How is PageRank Used?

PageRank is one of the methods Google uses to determine a page’s relevance or importance. It is only one part of the story when it comes to the Google listing, but the other aspects are discussed elsewhere (and are ever changing) and PageRank is interesting enough to deserve a paper of its own. PageRank is also displayed on the toolbar of your browser if you’ve installed the Google toolbar (http://toolbar.google.com/). But the Toolbar PageRank only goes from 0 – 10 and seems to be something like a logarithmic scale:

Toolbar PageRank (log base 10)	Real PageRank
0	0 - 10
1	10 - 100
2	100 - 1,000
3	1,000 - 10,000
4	10,000 - 100,000
5	and so on…

We can’t know the exact details of the scale because, as we’ll see later, the maximum PR of all pages on the web changes every month when Google does its re-indexing! If we presume the scale is logarithmic (although there is only anecdotal evidence for this at the time of writing) then Google could simply give the highest actual PR page a toolbar PR of 10 and scale the rest appropriately. Also the toolbar sometimes guesses! The toolbar often shows me a Toolbar PR for pages I’ve only just uploaded and cannot possibly be in the index yet! What seems to be happening is that the toolbar looks at the URL of the page the browser is displaying and strips off everything down the last “/” (i.e. it goes to the “parent” page in URL terms). If Google has a Toolbar PR for that parent then it subtracts 1 and shows that as the Toolbar PR for this page. If there’s no PR for the parent it goes to the parent’s parent’s page, but subtracting 2, and so on all the way up to the root of your site. If it can’t find a Toolbar PR to display in this way, that is if it doesn’t find a page with a real calculated PR, then the bar is greyed out. Note that if the Toolbar is guessing in this way, the Actual PR of the page is 0 – though its PR will be calculated shortly after the Google spider first sees it. PageRank says nothing about the content or size of a page, the language it’s written in, or the text used in the anchor of a link!

Definitions

I’ve started to use some technical terms and shorthand in this paper. Now’s as good a time as any to define all the terms I’ll use:


PR:	Shorthand for PageRank: the actual, real, page rank for each page as calculated by Google. As we’ll see later this can range from 0.15 to billions.
Toolbar PR:	The PageRank displayed in the Google toolbar in your browser. This ranges from 0 to 10.
Backlink:	If page A links out to page B, then page B is said to have a “backlink" from page A

That’s enough of that, let’s get back to the meat…

So what is PageRank?

In short PageRank is a “vote”, by all the other pages on the Web, about how important a page is. A link to a page counts as a vote of support. If there’s no link there’s no support (but it’s only an abstention from voting rather than a vote against the page). Quoting from the original Google paper, PageRank is defined like this:

We assume page A has pages T1…Tn which point to it (i.e., are citations). The parameter d is a damping factor which can be set between 0 and 1. We usually set d to 0.85. There are more details about d in the next section. Also C(A) is defined as the number of links going out of page A. The PageRank of a page A is given as follows:*

PR(A) = (1-d) + d (PR(T1)/C(T1) + … + PR(Tn)/C(Tn))*

Note that the PageRanks form a probability distribution over web pages, so the sum of all web pages' PageRanks will be one.*

PageRank or PR(A) can be calculated using a simple iterative algorithm, and corresponds to the principal eigenvector of the normalized link matrix of the web.*

but that’s not too helpful so let’s break it down into sections.

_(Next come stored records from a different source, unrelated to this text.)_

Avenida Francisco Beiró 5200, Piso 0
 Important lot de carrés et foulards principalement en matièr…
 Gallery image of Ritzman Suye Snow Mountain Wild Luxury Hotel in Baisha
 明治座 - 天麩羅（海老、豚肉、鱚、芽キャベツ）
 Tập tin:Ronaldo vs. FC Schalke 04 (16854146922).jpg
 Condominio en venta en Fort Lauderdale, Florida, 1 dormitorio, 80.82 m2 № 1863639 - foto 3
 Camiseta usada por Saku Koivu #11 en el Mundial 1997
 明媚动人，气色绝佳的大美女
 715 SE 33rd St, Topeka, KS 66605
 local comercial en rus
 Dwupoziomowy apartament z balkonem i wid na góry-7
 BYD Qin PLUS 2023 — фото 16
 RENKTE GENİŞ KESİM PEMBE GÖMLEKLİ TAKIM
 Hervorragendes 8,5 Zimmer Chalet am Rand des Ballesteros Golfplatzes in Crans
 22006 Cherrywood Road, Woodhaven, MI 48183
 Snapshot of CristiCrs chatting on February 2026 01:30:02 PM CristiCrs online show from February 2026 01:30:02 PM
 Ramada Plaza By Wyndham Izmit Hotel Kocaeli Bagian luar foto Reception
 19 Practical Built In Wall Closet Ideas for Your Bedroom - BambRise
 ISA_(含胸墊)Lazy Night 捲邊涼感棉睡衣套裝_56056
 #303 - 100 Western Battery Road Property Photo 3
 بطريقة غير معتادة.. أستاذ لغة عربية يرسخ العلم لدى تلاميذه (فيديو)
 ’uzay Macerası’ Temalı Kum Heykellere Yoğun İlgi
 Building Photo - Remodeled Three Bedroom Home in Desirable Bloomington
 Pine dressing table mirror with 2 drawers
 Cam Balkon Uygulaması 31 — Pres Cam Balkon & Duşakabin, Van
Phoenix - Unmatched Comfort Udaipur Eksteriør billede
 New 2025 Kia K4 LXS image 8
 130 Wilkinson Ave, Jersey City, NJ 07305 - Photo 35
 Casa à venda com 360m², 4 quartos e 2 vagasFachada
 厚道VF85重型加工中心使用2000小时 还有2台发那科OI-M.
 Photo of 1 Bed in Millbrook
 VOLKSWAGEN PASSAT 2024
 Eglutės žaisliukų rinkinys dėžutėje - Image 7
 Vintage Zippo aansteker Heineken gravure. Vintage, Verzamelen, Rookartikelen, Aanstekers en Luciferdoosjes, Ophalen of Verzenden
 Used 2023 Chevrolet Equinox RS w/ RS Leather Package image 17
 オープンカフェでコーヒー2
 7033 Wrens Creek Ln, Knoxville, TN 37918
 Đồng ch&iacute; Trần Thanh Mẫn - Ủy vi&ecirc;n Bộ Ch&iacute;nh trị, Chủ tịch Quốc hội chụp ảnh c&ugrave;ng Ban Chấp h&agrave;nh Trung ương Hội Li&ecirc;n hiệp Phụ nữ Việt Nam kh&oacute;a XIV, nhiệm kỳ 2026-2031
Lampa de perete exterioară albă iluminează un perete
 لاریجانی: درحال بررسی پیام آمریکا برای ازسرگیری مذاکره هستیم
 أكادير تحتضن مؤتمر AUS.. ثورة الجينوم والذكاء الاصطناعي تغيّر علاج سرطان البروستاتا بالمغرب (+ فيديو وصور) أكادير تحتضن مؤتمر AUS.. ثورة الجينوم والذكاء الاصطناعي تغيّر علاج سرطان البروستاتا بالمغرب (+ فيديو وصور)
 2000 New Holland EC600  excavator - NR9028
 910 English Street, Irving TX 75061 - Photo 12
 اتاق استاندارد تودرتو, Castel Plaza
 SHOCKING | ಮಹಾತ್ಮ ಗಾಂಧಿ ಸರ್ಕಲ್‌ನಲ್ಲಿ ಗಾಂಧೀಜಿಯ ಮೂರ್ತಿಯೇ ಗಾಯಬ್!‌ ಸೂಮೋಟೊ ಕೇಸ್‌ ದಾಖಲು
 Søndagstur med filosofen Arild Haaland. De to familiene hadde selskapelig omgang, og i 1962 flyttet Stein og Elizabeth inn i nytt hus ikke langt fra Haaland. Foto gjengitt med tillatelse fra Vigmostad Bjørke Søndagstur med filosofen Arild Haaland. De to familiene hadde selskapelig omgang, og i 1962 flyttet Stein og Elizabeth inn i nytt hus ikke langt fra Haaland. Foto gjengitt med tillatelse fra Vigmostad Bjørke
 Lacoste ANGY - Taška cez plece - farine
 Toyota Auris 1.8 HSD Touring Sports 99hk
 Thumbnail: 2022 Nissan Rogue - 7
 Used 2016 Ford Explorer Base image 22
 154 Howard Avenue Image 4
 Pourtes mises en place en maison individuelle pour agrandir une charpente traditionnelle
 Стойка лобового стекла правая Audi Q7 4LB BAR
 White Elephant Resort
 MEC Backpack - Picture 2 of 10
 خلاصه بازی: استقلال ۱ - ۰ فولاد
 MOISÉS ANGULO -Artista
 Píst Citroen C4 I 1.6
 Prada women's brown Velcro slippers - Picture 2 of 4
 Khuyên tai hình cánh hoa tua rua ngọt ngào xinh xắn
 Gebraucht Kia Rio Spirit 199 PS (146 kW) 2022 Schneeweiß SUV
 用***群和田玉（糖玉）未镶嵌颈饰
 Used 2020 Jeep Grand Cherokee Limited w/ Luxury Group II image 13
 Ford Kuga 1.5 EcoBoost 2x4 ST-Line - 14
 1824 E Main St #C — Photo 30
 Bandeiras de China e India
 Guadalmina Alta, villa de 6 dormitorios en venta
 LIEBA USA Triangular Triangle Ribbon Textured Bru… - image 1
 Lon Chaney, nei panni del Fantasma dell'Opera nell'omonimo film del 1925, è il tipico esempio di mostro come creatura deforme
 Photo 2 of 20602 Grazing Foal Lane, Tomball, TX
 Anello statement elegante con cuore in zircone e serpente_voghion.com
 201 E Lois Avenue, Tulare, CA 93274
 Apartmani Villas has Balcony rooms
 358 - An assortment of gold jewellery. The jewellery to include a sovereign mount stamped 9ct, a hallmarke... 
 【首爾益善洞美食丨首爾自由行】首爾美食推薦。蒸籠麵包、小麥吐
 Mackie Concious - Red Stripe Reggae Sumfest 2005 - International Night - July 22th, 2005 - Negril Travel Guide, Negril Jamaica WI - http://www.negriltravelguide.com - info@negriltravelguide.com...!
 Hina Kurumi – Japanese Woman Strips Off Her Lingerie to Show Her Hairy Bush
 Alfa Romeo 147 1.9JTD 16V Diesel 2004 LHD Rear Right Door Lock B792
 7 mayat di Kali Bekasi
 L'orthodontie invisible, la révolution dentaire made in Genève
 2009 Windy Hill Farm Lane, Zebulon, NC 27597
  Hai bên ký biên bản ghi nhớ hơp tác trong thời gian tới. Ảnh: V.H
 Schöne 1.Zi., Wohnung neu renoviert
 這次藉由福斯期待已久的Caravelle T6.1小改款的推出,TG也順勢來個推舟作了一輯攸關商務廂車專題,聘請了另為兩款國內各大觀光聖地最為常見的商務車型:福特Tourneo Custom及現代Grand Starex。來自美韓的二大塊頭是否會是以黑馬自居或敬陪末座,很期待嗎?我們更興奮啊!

PR(Tn) — Each page has a notion of its own self-importance. That’s “PR(T1)” for the first page in the web all the way up to “PR(Tn)” for the last page
C(Tn) — Each page spreads its vote out evenly amongst all of it’s outgoing links. The count, or number, of outgoing links for page 1 is “C(T1)”, “C(Tn)” for page n, and so on for all pages.
PR(Tn)/C(Tn) — so if our page (page A) has a backlink from page “n” the share of the vote page A will get is “PR(Tn)/C(Tn)”
d(… — All these fractions of votes are added together but, to stop the other pages having too much influence, this total vote is “damped down" by multiplying it by 0.85 (the factor “d")
(1 - d) — The (1 - d) bit at the beginning is a bit of probability math magic so the “sum of all web pages' PageRanks will be one": it adds in the bit lost by the d(…. It also means that if a page has no links to it (no backlinks) even then it will still get a small PR of 0.15 (i.e. 1 - 0.85). (Aside: the Google paper says “the sum of all pages” but they mean the “the normalised sum” otherwise known as “the average” to you and me.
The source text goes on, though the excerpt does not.